> [What you should do]:
A copy of the listing below is needed, exact in every line and without images.

Data for processing START

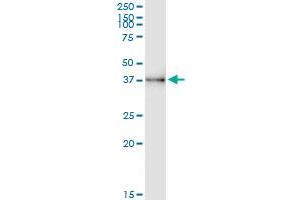 Immunoprecipitation of UNC119 transfected lysate using anti-UNC119 MaxPab rabbit polyclonal antibody and Protein A Magnetic Bead , and immunoblotted with UNC119 purified MaxPab mouse polyclonal antibody (B01P) . (UNC119 antibody  (AA 1-240))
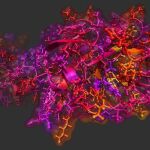 Representación tridimensional de la estructura proteica del nuevo coronavirus.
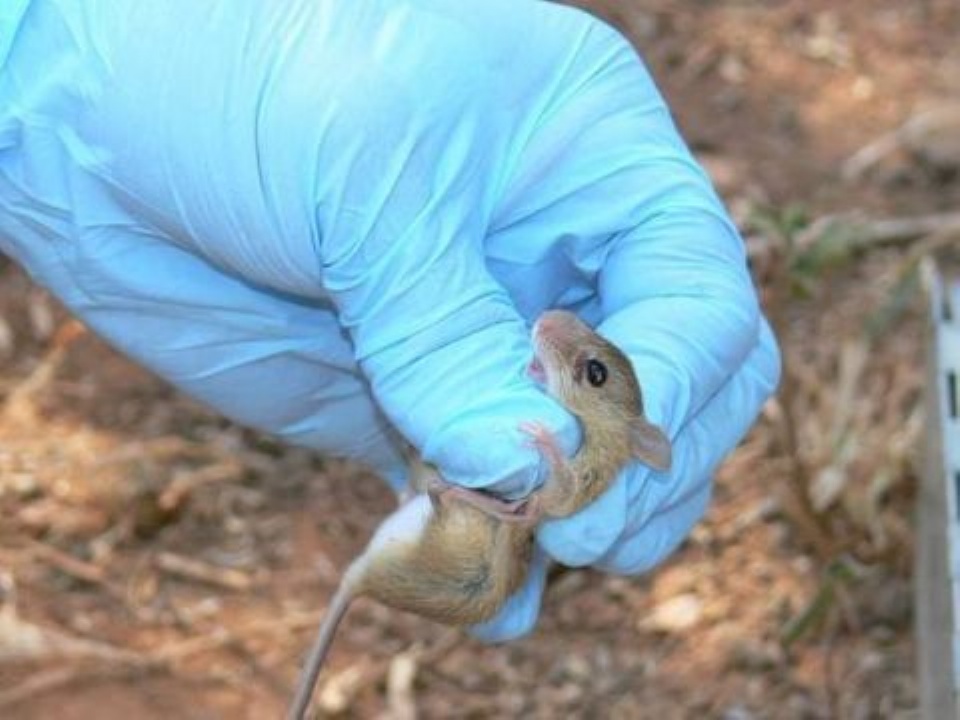 Hantavirus: Se niegan a brindar insumos y personal para limpiar las escuelas  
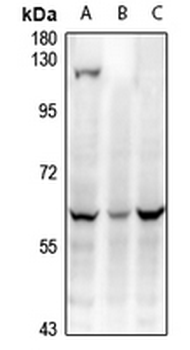 WTAP Antibody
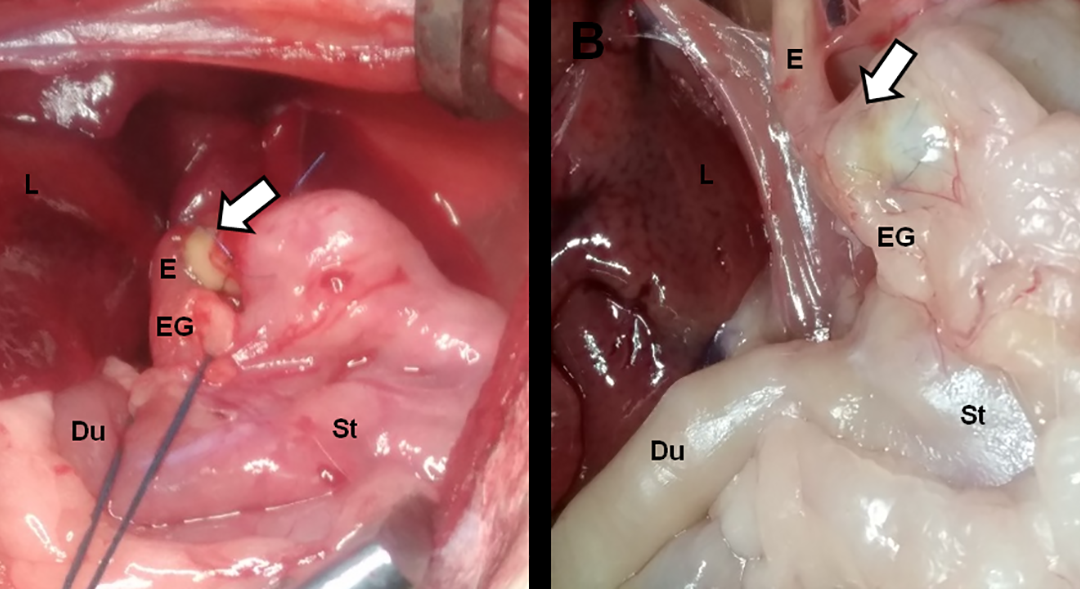 Japan: Researchers BioPrint & Implant Esophageal Cells Without Scaffolds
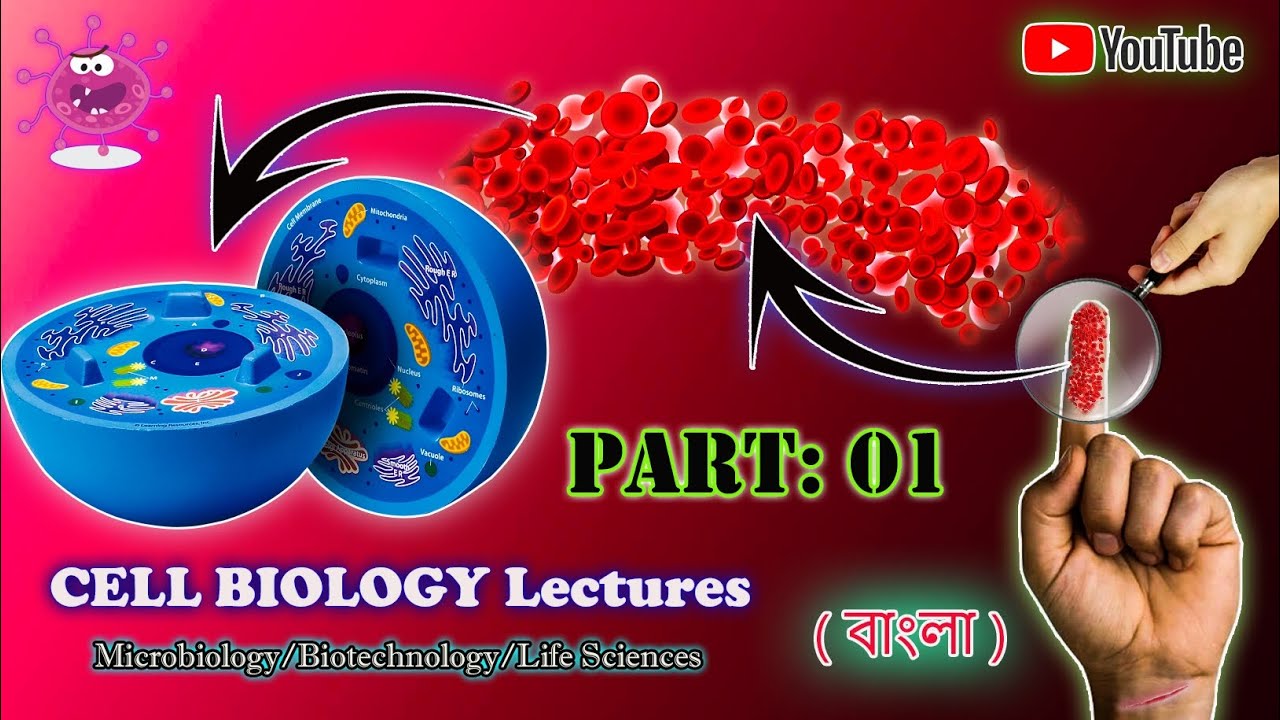 Prokaryotic Cells & Eukaryotic Cells Difference | Cell Biology Lecture Part 01 | Cytology | বাংলায়🦠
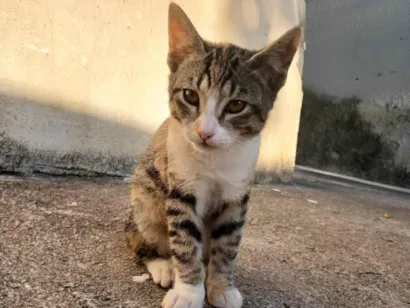 Gato raça SRD-ViraLata idade 2 a 6 meses nome Mel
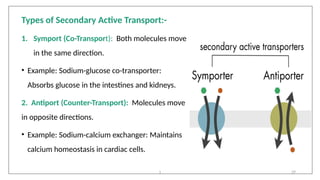 Comprehensive Overview of Membrane Transport Mechanisms in Cells | PPTX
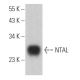 NTAL Antibody (D-10) - Western Blotting - Image 364101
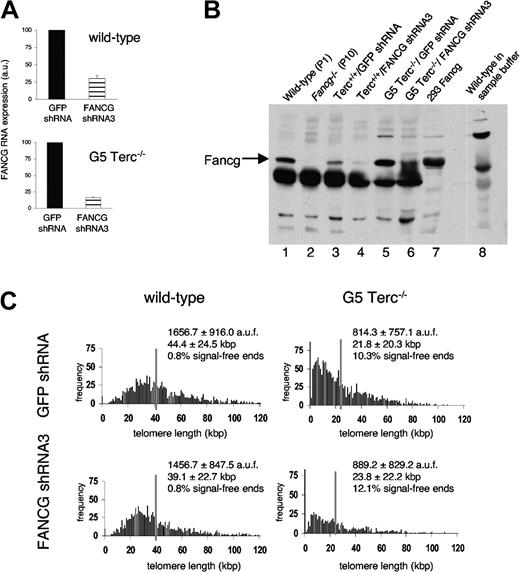 Figure 4. Fancg knock-down in immortalized telomerase-deficient mouse cells with humanlike telomere length (G5 Terc-/-/Fancg shRNA3 MEFs). (A) GFP shRNA and Fancg shRNA3 MEFs in wild-type and G5 Terc-/- backgrounds were immortalized following a 3T3 protocol, and specific Fancg interference was assessed by real-time RT-PCR. Extent of interference was similar to primary MEFs. (B) Correlation between RNA interference and protein knock-down was assessed by IP and Western blot. Fancg expression is readily detected in wild-type MEFs and 293 cells transfected with a Fancg vector (lanes 1 and 7, respectively) and absent in Fancg-/- MEFs (lane 2). Significantly decreased protein expression is observed in Terc+/+/Fancg shRNA3 MEFs (lane 4) compared with their Terc+/+/GFP shRNA controls (lane 3) and in G5 Terc-/-/Fancg shRNA3 MEFs (lane 6) compared with their G5 Terc-/-/GFP shRNA controls (lane 5). (C) Q-FISH analysis of immortalized Terc+/+/Fancg shRNA3 and G5 Terc-/-/Fancg shRNA3 MEFs and their GFP shRNA-expressing controls. Like G5 Terc-/-/GFP shRNA control telomeres, G5 Terc-/-/Fancg shRNA3 telomeres showed very heterogeneous telomere length and frequent signal-free ends, indicative of ALT activation in these cells with critically short telomeres and no telomerase activity.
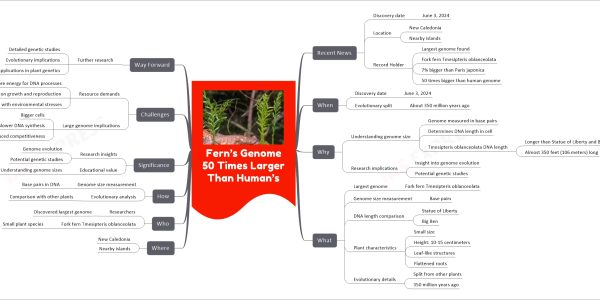 Fern’s Genome 50 Times Larger Than Human’s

Data for processing END

> [Exercise result]:
 Immunoprecipitation of UNC119 transfected lysate using anti-UNC119 MaxPab rabbit polyclonal antibody and Protein A Magnetic Bead , and immunoblotted with UNC119 purified MaxPab mouse polyclonal antibody (B01P) . (UNC119 antibody  (AA 1-240))
 Representación tridimensional de la estructura proteica del nuevo coronavirus.
 Hantavirus: Se niegan a brindar insumos y personal para limpiar las escuelas  
 WTAP Antibody
 Japan: Researchers BioPrint & Implant Esophageal Cells Without Scaffolds
 Prokaryotic Cells & Eukaryotic Cells Difference | Cell Biology Lecture Part 01 | Cytology | বাংলায়🦠
 Gato raça SRD-ViraLata idade 2 a 6 meses nome Mel
 Comprehensive Overview of Membrane Transport Mechanisms in Cells | PPTX
 NTAL Antibody (D-10) - Western Blotting - Image 364101
 Figure 4. Fancg knock-down in immortalized telomerase-deficient mouse cells with humanlike telomere length (G5 Terc-/-/Fancg shRNA3 MEFs). (A) GFP shRNA and Fancg shRNA3 MEFs in wild-type and G5 Terc-/- backgrounds were immortalized following a 3T3 protocol, and specific Fancg interference was assessed by real-time RT-PCR. Extent of interference was similar to primary MEFs. (B) Correlation between RNA interference and protein knock-down was assessed by IP and Western blot. Fancg expression is readily detected in wild-type MEFs and 293 cells transfected with a Fancg vector (lanes 1 and 7, respectively) and absent in Fancg-/- MEFs (lane 2). Significantly decreased protein expression is observed in Terc+/+/Fancg shRNA3 MEFs (lane 4) compared with their Terc+/+/GFP shRNA controls (lane 3) and in G5 Terc-/-/Fancg shRNA3 MEFs (lane 6) compared with their G5 Terc-/-/GFP shRNA controls (lane 5). (C) Q-FISH analysis of immortalized Terc+/+/Fancg shRNA3 and G5 Terc-/-/Fancg shRNA3 MEFs and their GFP shRNA-expressing controls. Like G5 Terc-/-/GFP shRNA control telomeres, G5 Terc-/-/Fancg shRNA3 telomeres showed very heterogeneous telomere length and frequent signal-free ends, indicative of ALT activation in these cells with critically short telomeres and no telomerase activity.
 Fern’s Genome 50 Times Larger Than Human’s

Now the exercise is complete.